Our data suggest that about 80–90% of Hodgkin and Reed–Sternberg cells are in S- or G2-phase, while only about 10–20% are in G1-phase. Surprisingly, however, we could only count 57 mitoses in 10 243 cells analyzed. This low mitotic index (0.5%) suggests that Hodgkin and Reed–Sternberg cells either do not enter mitosis or rapidly die in mitosis. Concerning the overexpressed G1-cyclins, including cyclin E, in Hodgkin's lymphoma , our present data suggest that their accumulation may be caused by reduced proteolysis, rather than being a reflection of typical cell cycle-dependent expression levels.

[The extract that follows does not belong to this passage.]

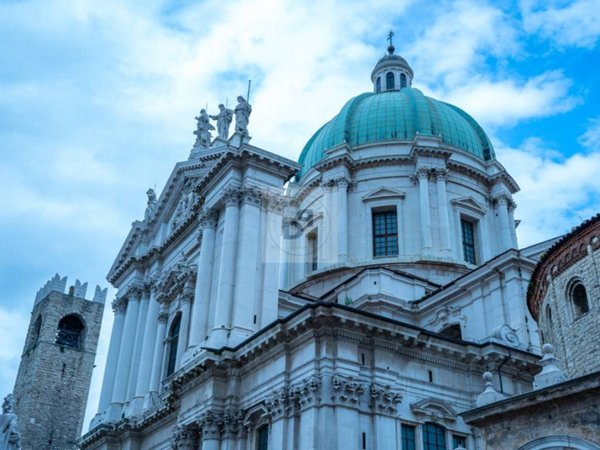 appartamento in vendita a Brescia in zona Centro Storico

Hodgkin and Reed–Sternberg cells have large nuclei indicative of higher DNA content and, in our study, 20% exhibited a multinuclear Reed–Sternberg phenotype. In contrast to micronuclei, which are not observed in Hodgkin and Reed–Sternberg cells, and which are caused by chromosome malsegregation during mitosis, multinucleation is caused by cytokinesis defects or cell fusion. Kuppers et al28 have investigated the mechanism leading to multinucleation in Hodgkin and Reed–Sternberg cells and reported that it is not caused by cellular fusion. The large nuclei present in Hodgkin and Reed–Sternberg cells may, therefore, be caused by cytokinesis defects or by DNA over-replication. Whether the former or the latter underlies the aberrant morphology and biology of Hodgkin and Reed–Sternberg cells is an important unresolved issue. Expression of cyclin E is required for endoreduplication in trophoblasts29 as well as in megakaryocytes30 and overexpression of cyclin E has been correlated with polyploidy and chromosome instability in human tumors (Hubalek et al31 and references therein). Whether and how overexpression of cyclin A might contribute to the cell cycle abnormalities observed in Hodgkin and Reed–Sternberg cells is not clear at the moment. Overexpression of cyclin A has been shown to impede progression through mitosis and might facilitate apoptosis.32 The expression of cell cycle regulatory proteins in malignant tumors is often analyzed to obtain prognostic information. High expression of proliferation markers, including Ki-67, PCNA, cyclin A and others, often have been associated with poor prognosis due to the high proliferation rate of the tumors. In classical Hodgkin's lymphoma, however, we found no association between cell cycle markers and clinical outcome. Again, this reflects the atypical nature of this disease, the pathology of which is not caused by rapid accumulation of malignant cells, but rather by the accumulation of reactive lymphocytes and perturbation of the cellular and humoral immunity (reviewed in Skinnider and mak33). We found a weak correlation between p21CIP1 expression and disease-specific survival, which may be caused by induction of p53-dependent apoptotic pathways in a subset of classical Hodgkin's lymphomas.21, 34

In summary, our study has shown that the majority of reactive lymphocytes surrounding the tumor cells of classical Hodgkin's lymphoma are in G1-phase, while the majority of Hodgkin and Reed–Sternberg cells appear to be either in S- or G2-phase of the cell cycle. These data argue that self-replication of Hodgkin and Reed–Sternberg cells is futile with cells unable to divide properly. Rather, these cells acquire polyploidy due to possible defects in cytokinesis or activation of endomitotic cycles causing over-replication of DNA. Further in vitro studies using classical Hodgkin's lymphoma derived cell lines will distinguish between these possibilities.